The task is to $\lim_{n\to\infty} \frac{{x}^{100n}}{n!}$. n is an integer. I've tried to use Stolz theorem, but that doesn't seem to give any result.

Thank you for your help.

Answer 1

By ratio test

$$\frac{{x}^{100(n+1)}}{(n+1)!}\frac{n!}{{x}^{100n}}=\frac{x^{100}}{n+1}\to 0$$

then

$$\lim_{n\to\infty} \frac{{x}^{100n}}{n!}=0$$

Answer 2

Note that $x^{100n} = 2^{100n \ln x} = 2^{100a n}$ for some constant $a$ (which may be 0 or even negative).

$n! \approx \frac{n^n\sqrt{2\pi n}}{e^n}$ (Stirlings) which is $2^{\Omega(n \log n)}$.

Note that $\frac{2^{100an}}{2^{\Omega(n \log n)}}$ goes to 0 for any constant $a$ (including $a \le 0$).

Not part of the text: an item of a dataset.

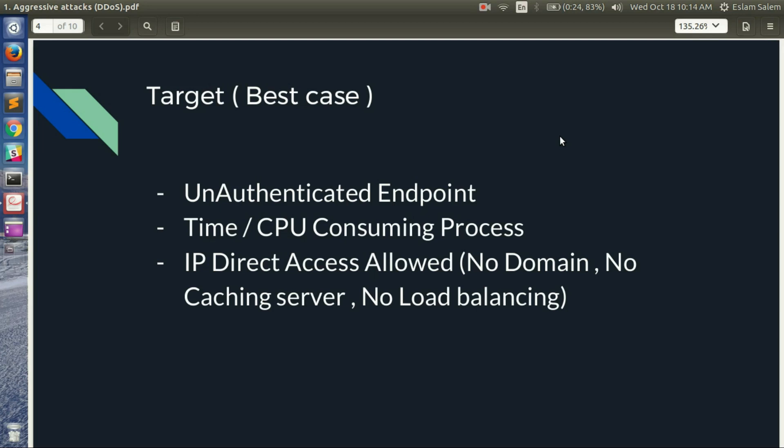The attacker also likes to target the server's IP address directly, bypassing the domain name, caching servers, and load balancers, so the attack can be more likely to succeed.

This answers your question.

Answer 3

Letting $y=x^{100}$ you want $\lim_{n\to\infty} \frac{y^n}{n!}.$

Let $z_n=\frac{|y|^n}{n!}.$ Then $z_{n+1}=\frac{|y|}{n+1}z_n$.

Now, when $n+1\geq 2|y|$ you have that:

$$0\leq z_{n+1}\leq \dfrac{1}{2}z_n$$

By induction, you get $z_{n+k}\leq \frac{1}{2^k}z_{n}$.

So $z_{n}\to 0.$

Answer 4

Hint:

$$\exp(x^{100}) = \sum_{n=0}^\infty \frac{(x^{100})^n}{n!} = \sum_{n=0}^\infty \frac{x^{100n}}{n!}$$

so $$\lim_{n\to\infty} \frac{x^{100n}}{n!} = 0$$